I've tried using this:
$ cat input.txt |sed 's/[a-z0-9].*://g'
which gives output as:
string1,string2,string3,yyyy-mm-dd,45.999,string4,1234567890,Apple,1.2.3.4,,string5,001e
This will do what you want on your example input:
awk -F "[ ]" '{sub(/.*:/, "", $7) sub(/.*:/, "", $8); printf "%s,%s,%s,%s,%s,%s,%s,%s_%s,%s,%s,%d\n", $1, $2, $3, $4, $5, $6, $7, $8, $9, $10, $11, "0x"$12}' input.txt
Explanation of parts:
awk
printf
allows you to specify an output format, so you can manually specify which fields you want to delimit with ,
and which you want to delimit with _
.
-F "[ ]"
forces the field separator to be a single space so that it knows there is an empty field between two single spaces.
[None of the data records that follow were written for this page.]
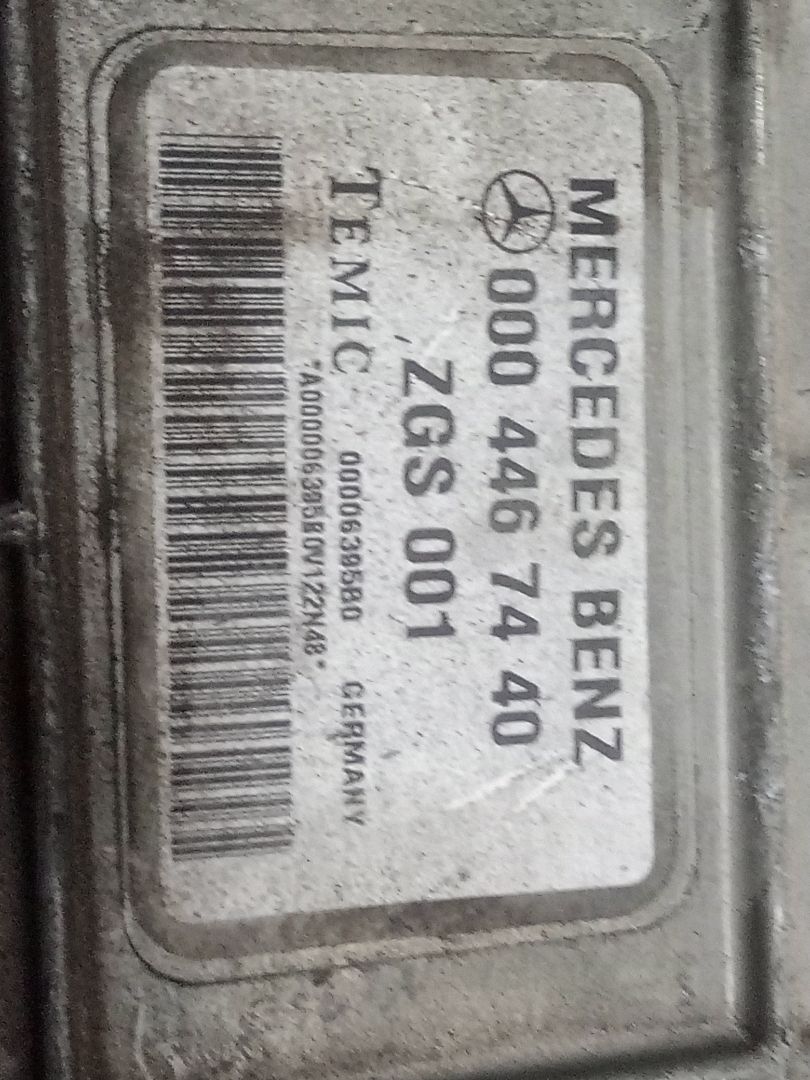 Centralita motor uce mercedes-benz atego 2-ejes 18 t bm 95024 (1998) 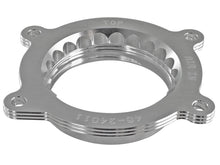 Load image into Gallery viewer, aFe Silver Bullet Throttle Body Spacer 14 Chevrolet Corvette V8 6.2L - eliteracefab.com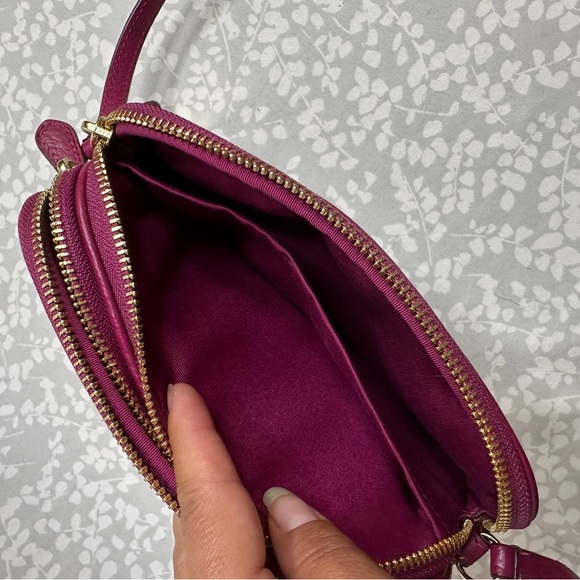 Coach Women's Crossbody Bag - Pink - CQ875 - Picture 6 of 9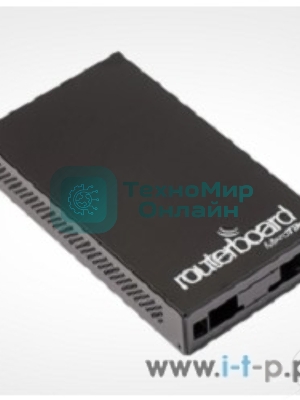Корпус MikroTik CA433U RB433 series indoor case with holes for USB
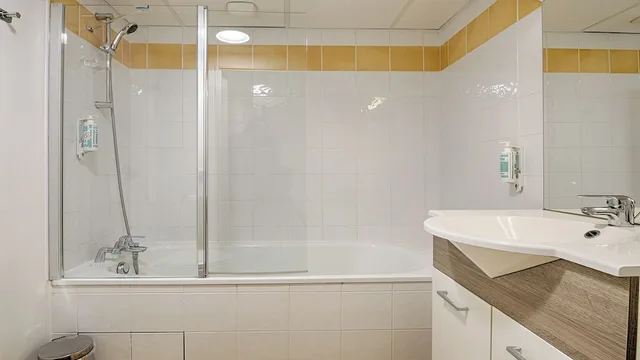 استوديو سوبيريور بسريرين منفصلين، Apparthotel Vacanceole Paris Quai de Marne 4/4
The default behavior would be to allow multiple spaces to be a single delimiter, which is not what you want according to the question.
The sub
function allows you to do regular expression replacement, in this case removing the ..:
prefix in fields 7 and 8.
For field 12, we tell printf
to output as a number (%d
) and give as input the string in prefixed by 0x
so that it interprets it as hexadecimal.
Note: If it's not always the case that you want the output to be $8_$9
, then you actually need to parse the hexadecimal prefix and count off characters in order to determine where the field ends. If that's the case, I would personally prefer to write the whole thing in something else, e.g. Python.
这篇关于如何使用SED / AWK解析一个文件的内容?的文章就介绍到这了,希望我们推荐的答案对大家有所帮助,也希望大家多多支持IT屋!